Don't do as we do!
This is hilarious: For years and years the European media have portrayed Israel as a war-torn country. According to a Media Tenor Study, as many as 80 percent of reports about Israel in the German media focused on terror attacks in 2002 and 2003, giving the impression Tel Aviv was a Grosny reloaded. (While of course Tel Aviv on a Friday afternoon looked like this most of the time.) The distortion of Israel's image has been well researched and documented by various authors.
Now the French are getting a taste of their own medicine - and they do not seem to like it at all. The International Herald Tribune reports:
Now the French are getting a taste of their own medicine - and they do not seem to like it at all. The International Herald Tribune reports:
French find the villain in the protests - the mediaYou don't say...! (Hattip: Roland Milelli)
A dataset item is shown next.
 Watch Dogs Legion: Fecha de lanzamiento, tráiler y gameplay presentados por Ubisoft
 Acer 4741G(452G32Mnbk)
(Paris) Even Christine Lagarde, France's trade minister, has received phone calls from concerned friends in Chicago and Washington to check whether she was safe.
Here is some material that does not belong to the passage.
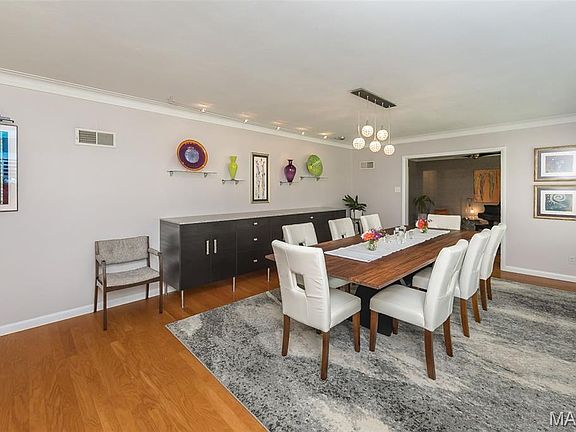 5th image of 425 Gabriel Dr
As scenes of vandalism and violence in central Paris flicker across television screens abroad and major newspapers speak of riots and anarchy in France, people here are grumbling that the media coverage of three weeks of mass protests against a labor law - especially in the English-language press - has unjustly distorted France's image.
A CNN anchor, Kyra Phillips, likened clashes between young vandals and riot police officers at the end of a march Tuesday in Paris to the 1989 Tiananmen Square uprising in Beijing that led to the deaths of hundreds of pro-democracy activists. Three days earlier, the British tabloid The Sun advised its readers "Don't go to Paris," saying that they would be safer in Baghdad than in the French capital right now.
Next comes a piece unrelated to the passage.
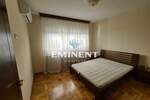 Trosoban stan, Beograd, Hram Svetog Save, izdavanje, 78m2, 1200e, id1382809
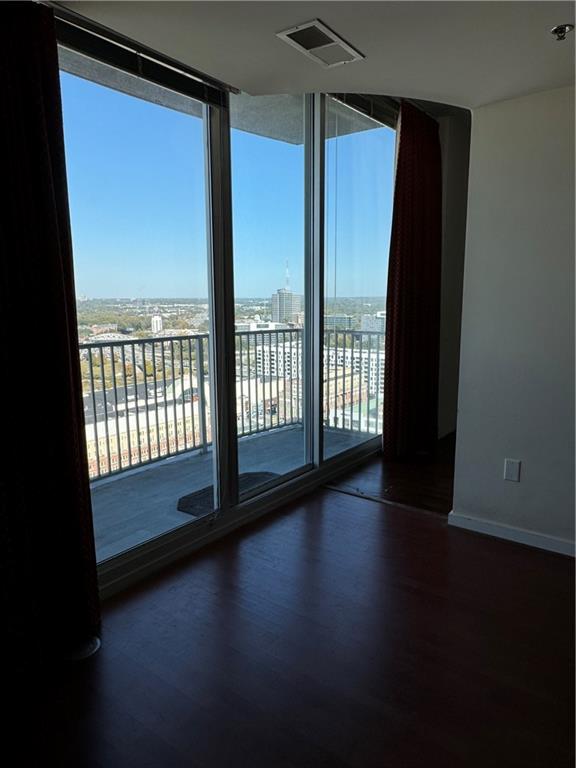 361 NW 17th Street NW Unit 2220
A week before she embarks on a four- city trip to the United States with the ambition of countering the negative images, Lagarde complained Wednesday that media coverage had been "excessive."
"We're meeting with the French community and with investors and are trying to explain that despite the fact that they see people on the street all the time and nothing else, it's not every day and it's not the whole of France," she told reporters Wednesday.
Defense Minister Michèle Alliot- Marie put it more starkly: "We're not in Baghdad," she said in a statement to the International Herald Tribune.
"Some foreign columnists amplify and exaggerate the situation in France, just as they did during the unrest in the suburbs," she said, referring to three weeks of rioting last autumn in immigrant suburbs outside France's big cities.